- [WHAT THE EXERCISE ASKS] Would you repeat exactly the part of the listing below that runs from the line containing "Earrings - @alittleextra.co.in" down to the line containing "#bhaikishaadi #shaadi #mehendi", inclusive, and nothing else?

- [MATERIAL FOR THE TASK]

==============================

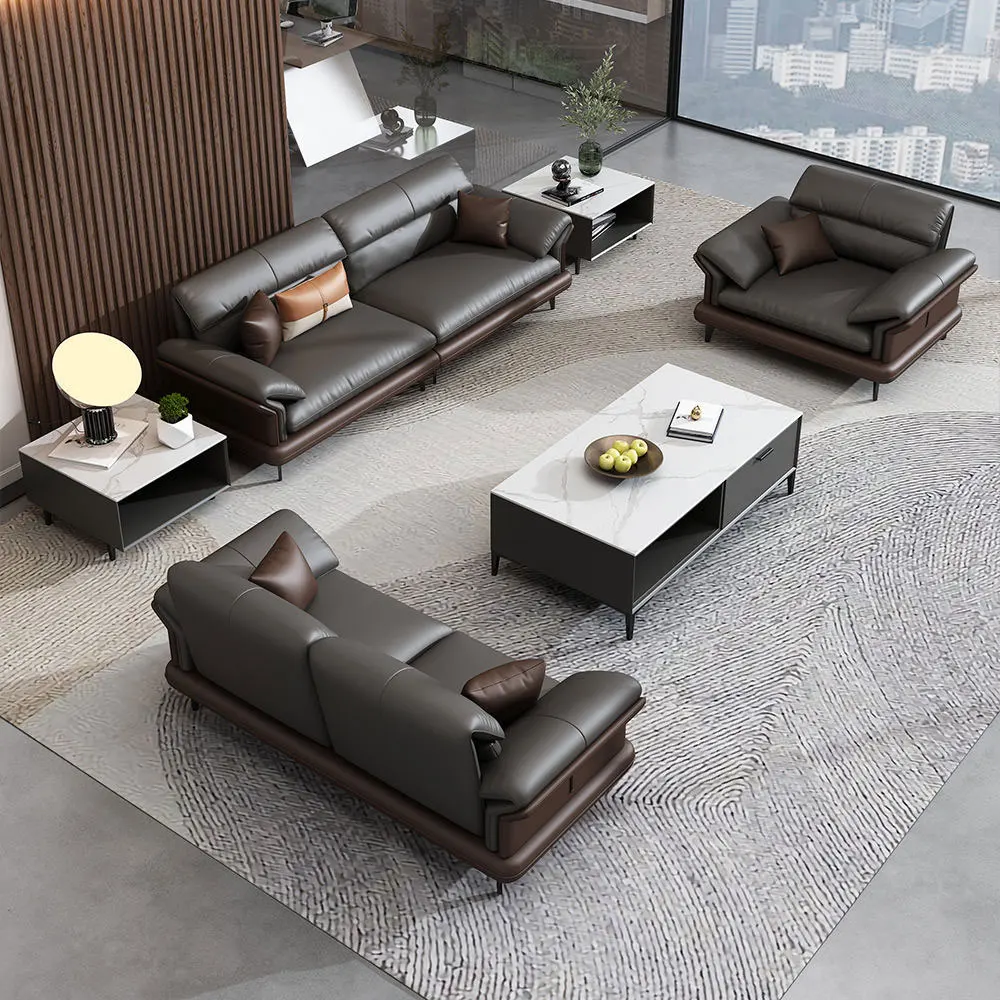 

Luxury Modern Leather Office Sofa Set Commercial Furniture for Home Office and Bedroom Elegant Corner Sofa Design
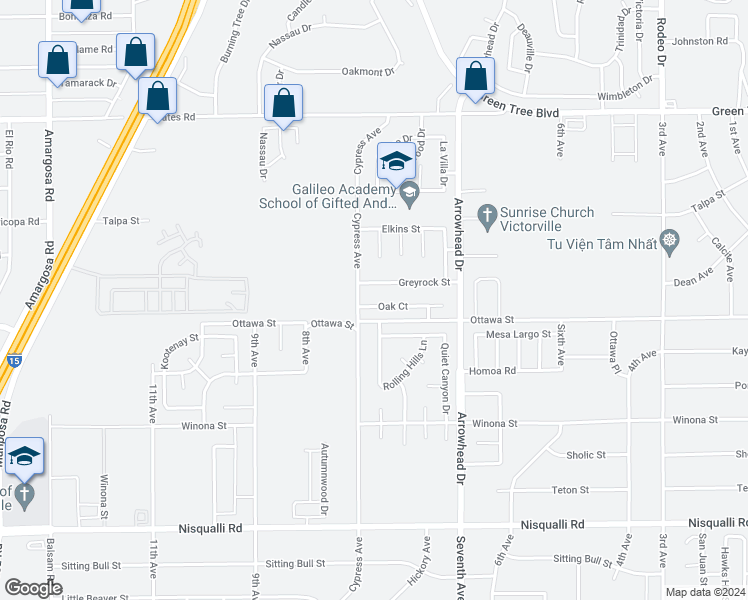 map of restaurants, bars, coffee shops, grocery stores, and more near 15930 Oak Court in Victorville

==============================

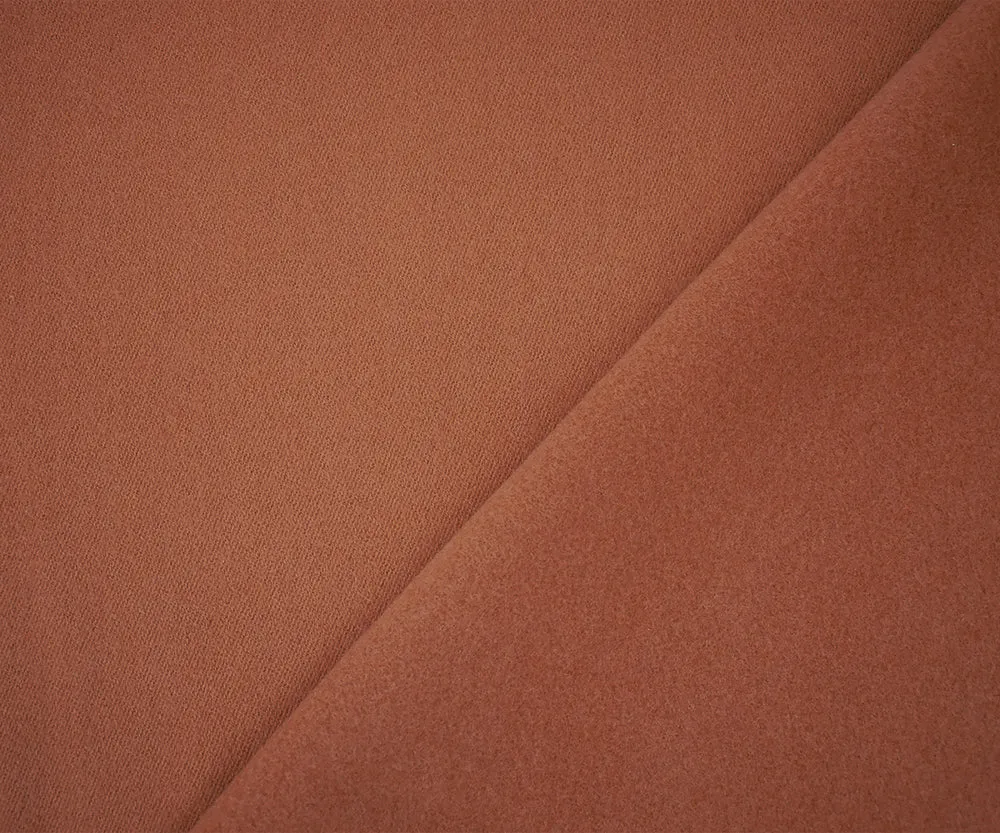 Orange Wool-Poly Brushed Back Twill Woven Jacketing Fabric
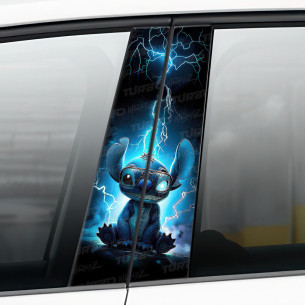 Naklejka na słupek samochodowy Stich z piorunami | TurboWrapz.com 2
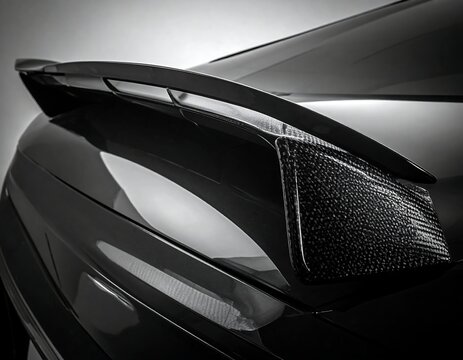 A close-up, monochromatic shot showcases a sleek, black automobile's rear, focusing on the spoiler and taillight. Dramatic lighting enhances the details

==============================

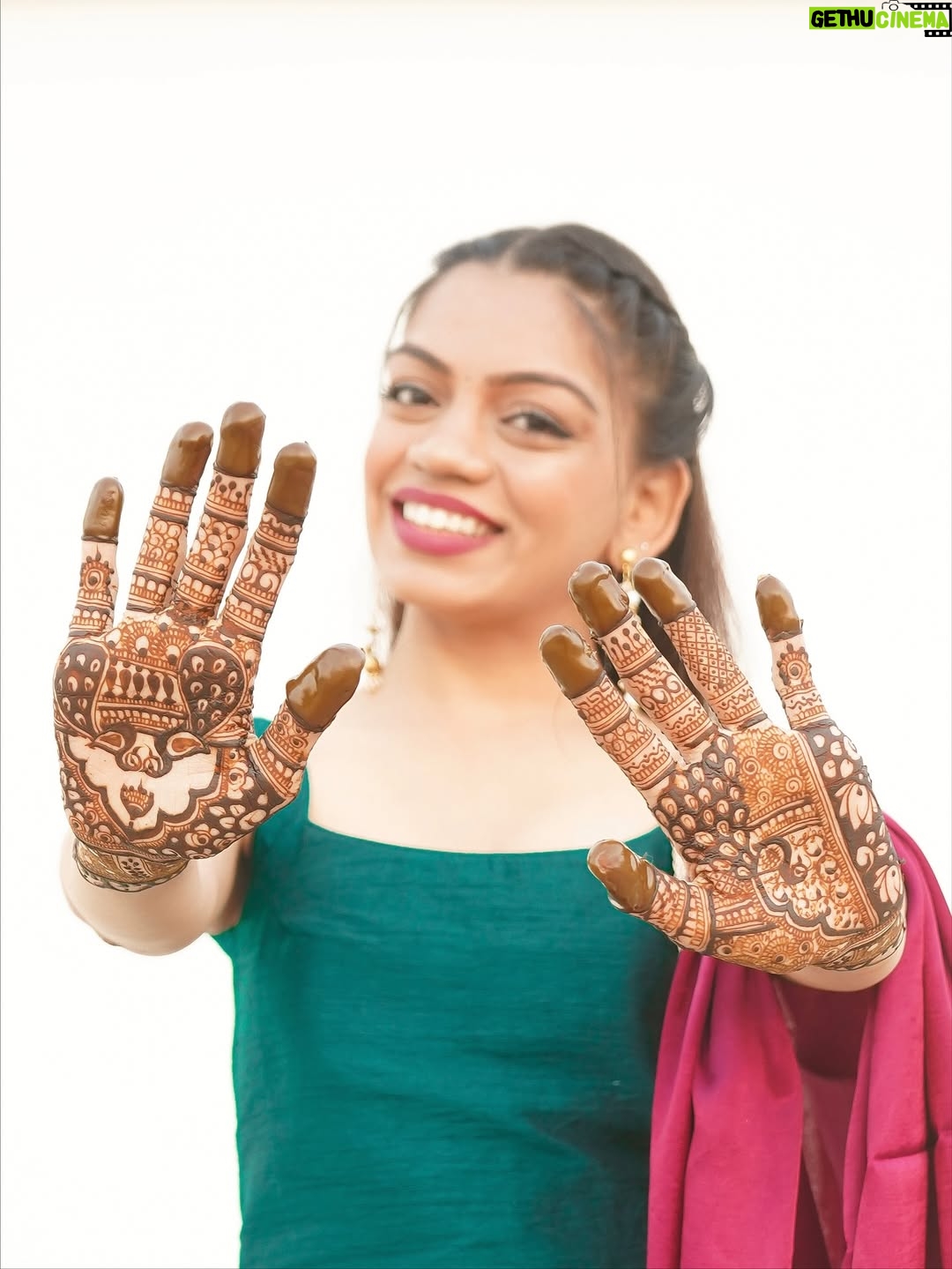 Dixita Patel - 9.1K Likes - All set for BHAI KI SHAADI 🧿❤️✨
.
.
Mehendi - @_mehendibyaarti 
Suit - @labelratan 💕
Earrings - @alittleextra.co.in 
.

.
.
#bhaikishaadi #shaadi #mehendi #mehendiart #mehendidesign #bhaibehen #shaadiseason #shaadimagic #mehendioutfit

==============================

- [RESPONSE TO THIS EXERCISE]
Earrings - @alittleextra.co.in 
.

.
.
#bhaikishaadi #shaadi #mehendi #mehendiart #mehendidesign #bhaibehen #shaadiseason #shaadimagic #mehendioutfit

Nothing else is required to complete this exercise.